#### DATASET EXTRACT:
%%
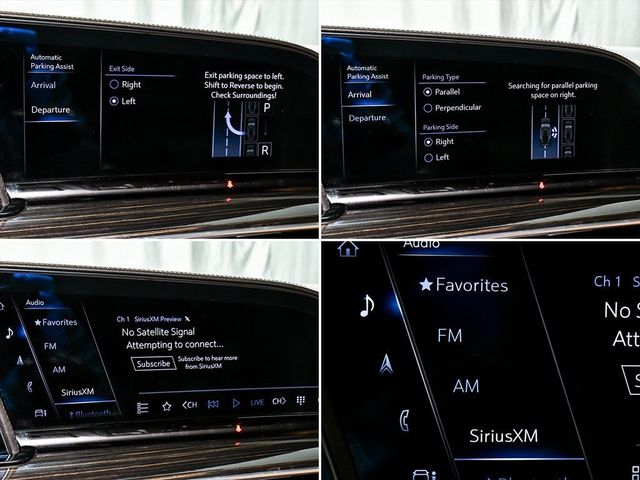 2022 Cadillac Escalade ESV Sport - 22936634 - 25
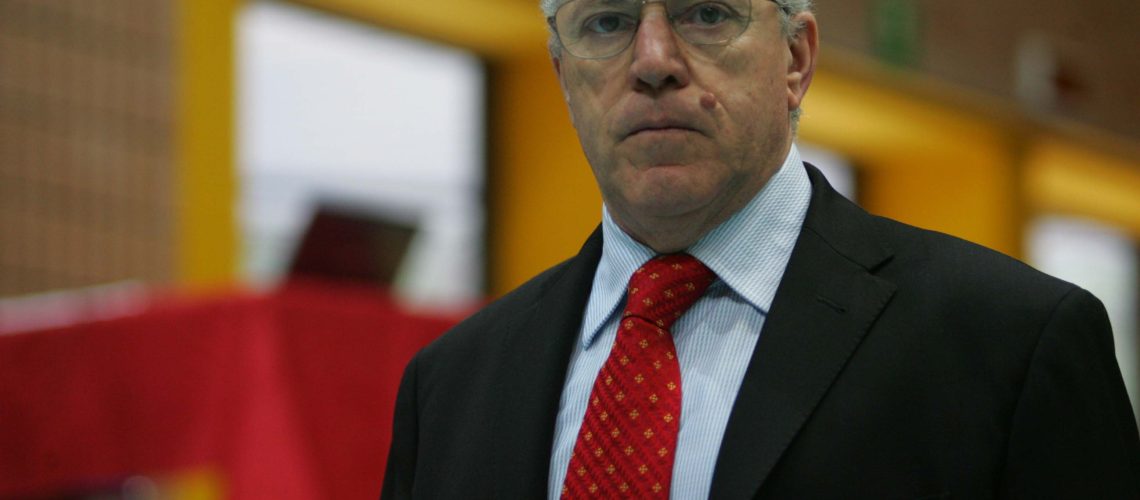 AA Luciano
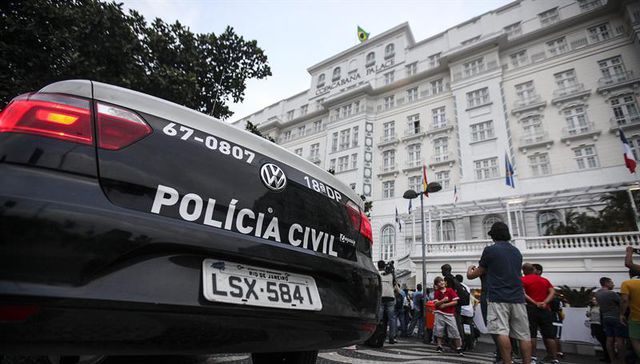 Se investiga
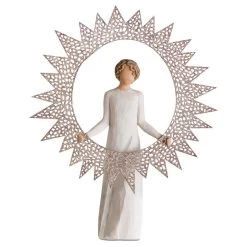 Willow Tree® Starlight Tree Topper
%%
#### WORK REQUIRED:
Only the pictures are to be omitted; restate everything else above exactly.

#### RESULT OF THIS EXERCISE:
 2022 Cadillac Escalade ESV Sport - 22936634 - 25
 AA Luciano
 Se investiga
 Willow Tree® Starlight Tree Topper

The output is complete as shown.